## HOW TO COMPLETE THIS TASK
Transcribe the listing verbatim. Do not carry over any pictures.

Top of INPUT

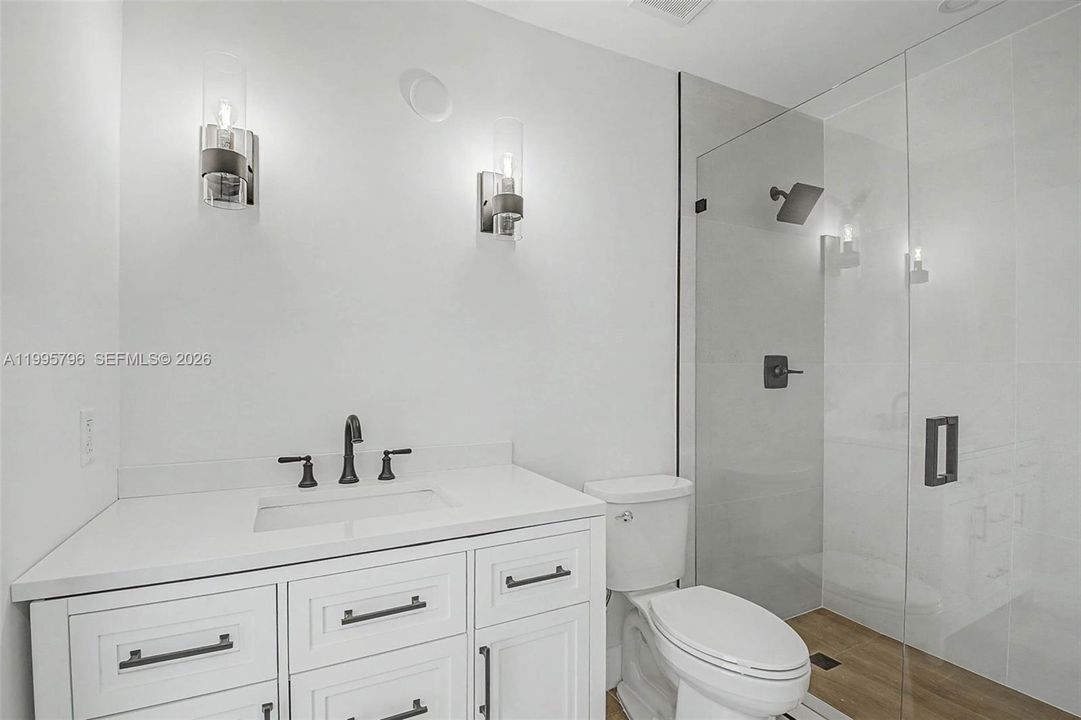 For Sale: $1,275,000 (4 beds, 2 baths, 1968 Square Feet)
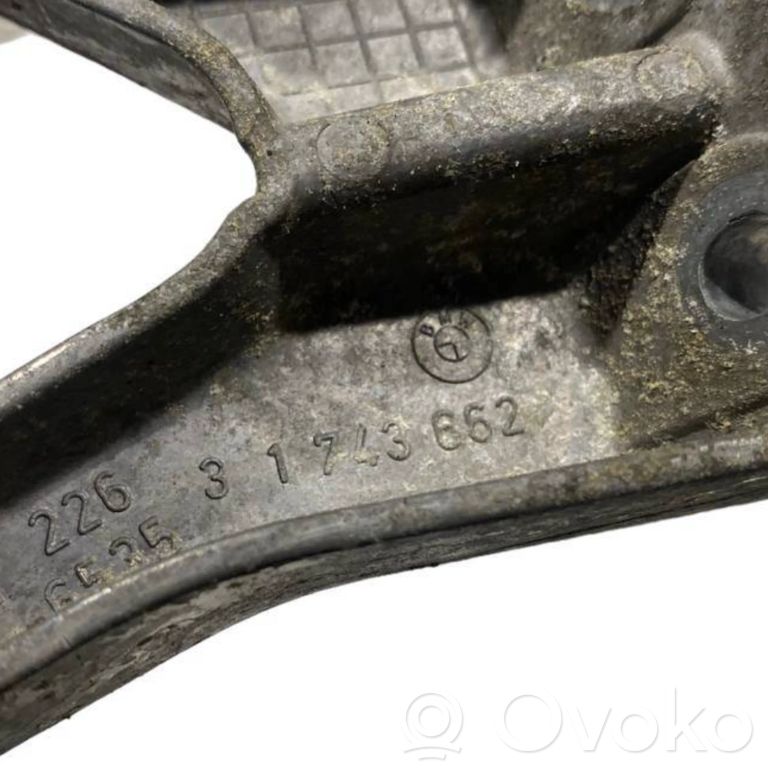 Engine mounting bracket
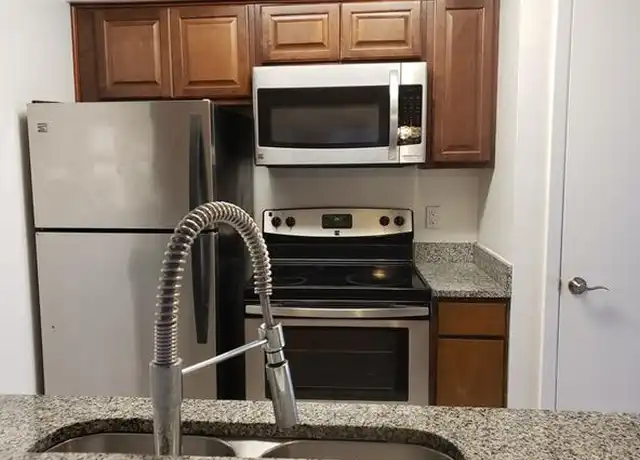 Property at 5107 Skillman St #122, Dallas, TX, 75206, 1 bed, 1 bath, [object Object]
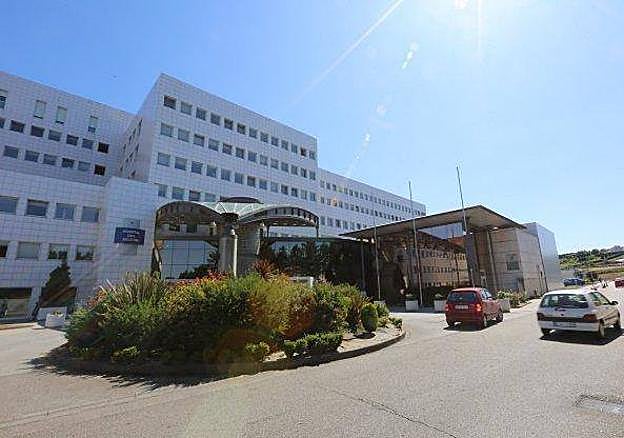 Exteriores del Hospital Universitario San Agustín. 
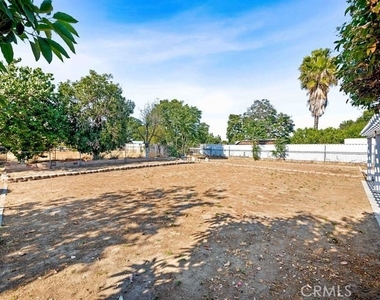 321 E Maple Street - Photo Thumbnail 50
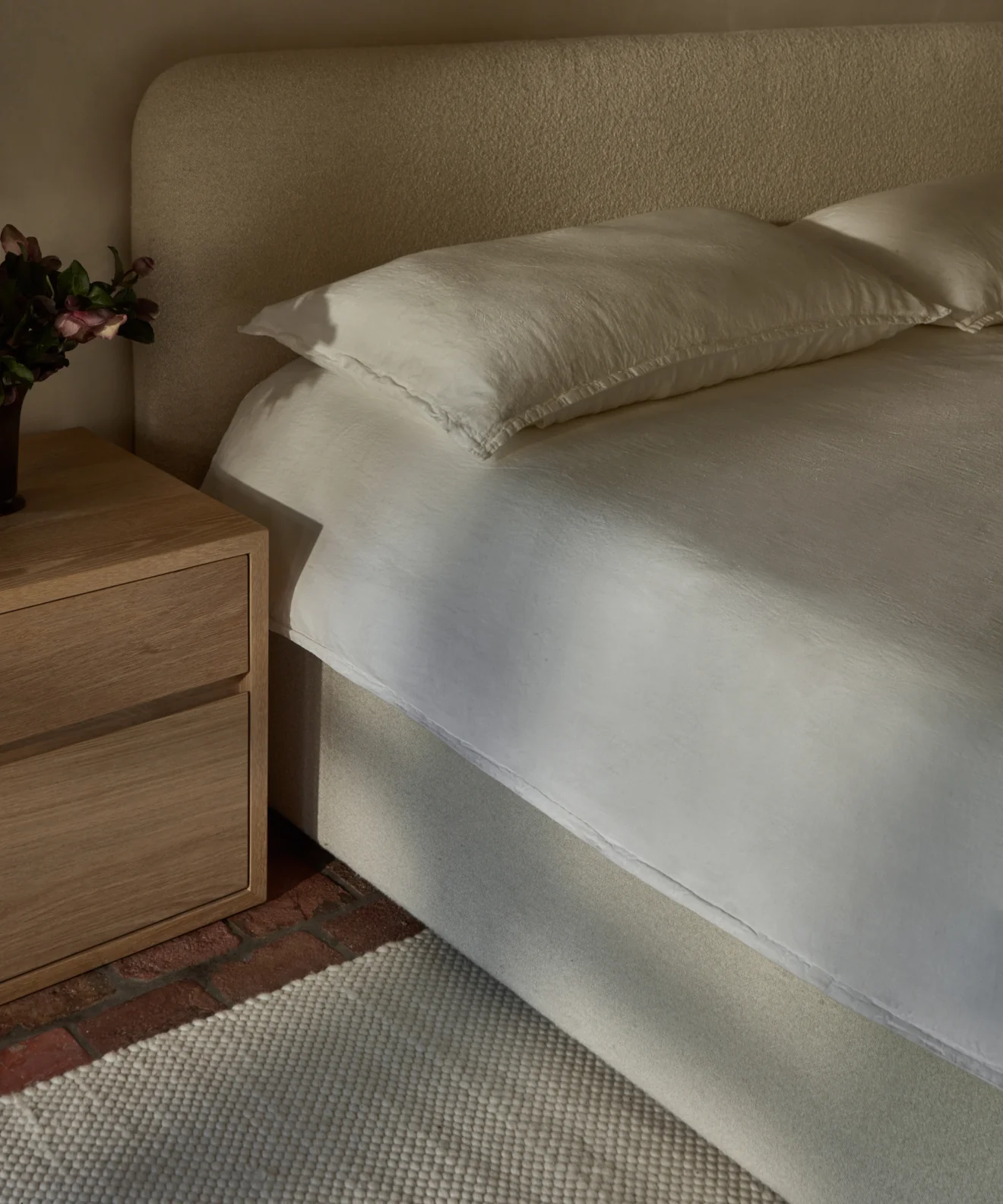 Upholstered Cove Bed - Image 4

Bottom of INPUT

## COMPLETED EXERCISE
 For Sale: $1,275,000 (4 beds, 2 baths, 1968 Square Feet)
 Engine mounting bracket
 Property at 5107 Skillman St #122, Dallas, TX, 75206, 1 bed, 1 bath, [object Object]
 Exteriores del Hospital Universitario San Agustín. 
 321 E Maple Street - Photo Thumbnail 50
 Upholstered Cove Bed - Image 4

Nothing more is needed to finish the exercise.